▶ _What to work on_
Omit the pictures and extract only the lines from the line containing "Jiunge logo - Similar" to the end of the material, each exactly as written.

▶ _Data excerpt_
§ §
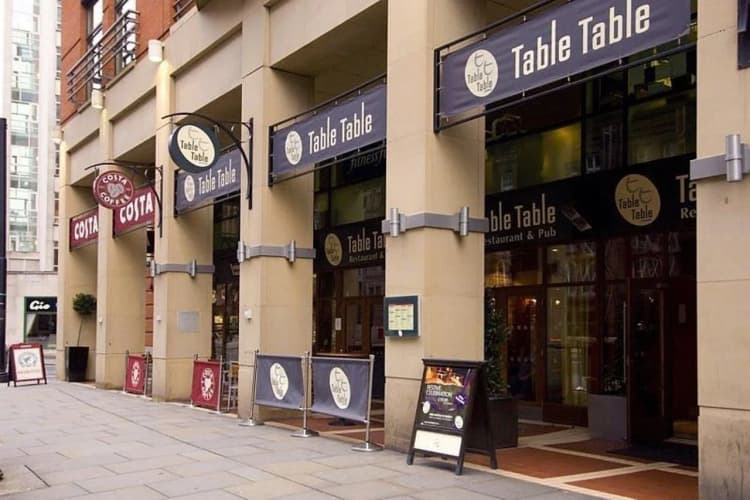 Premier Inn Manchester Central 2
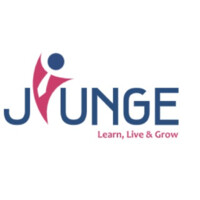 Jiunge logo - Similar company to Your Apps Ltd
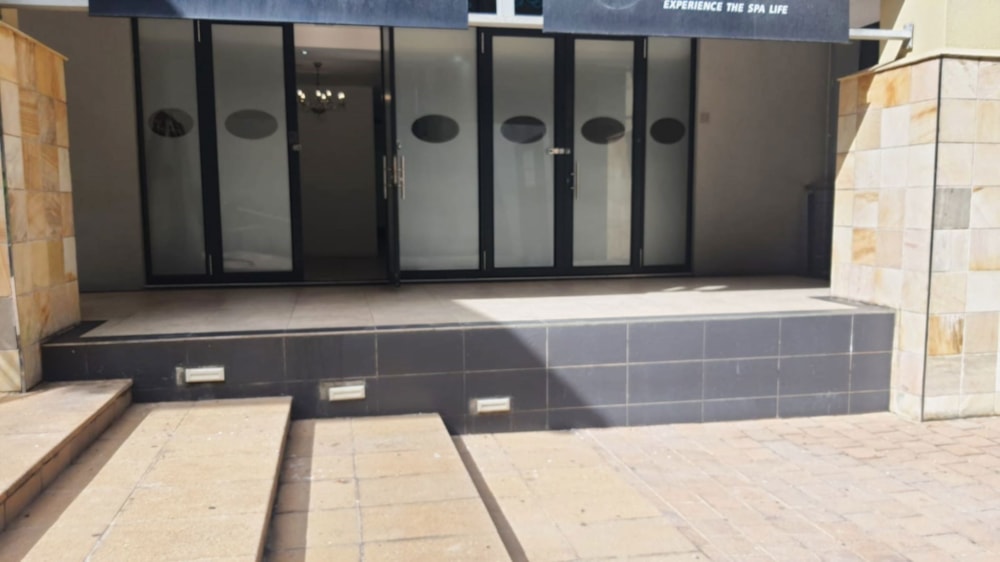 Commercial retail property to rent in New Town Centre - 1ND1739680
§ §
▶ _Answer area_
 Jiunge logo - Similar company to Your Apps Ltd
 Commercial retail property to rent in New Town Centre - 1ND1739680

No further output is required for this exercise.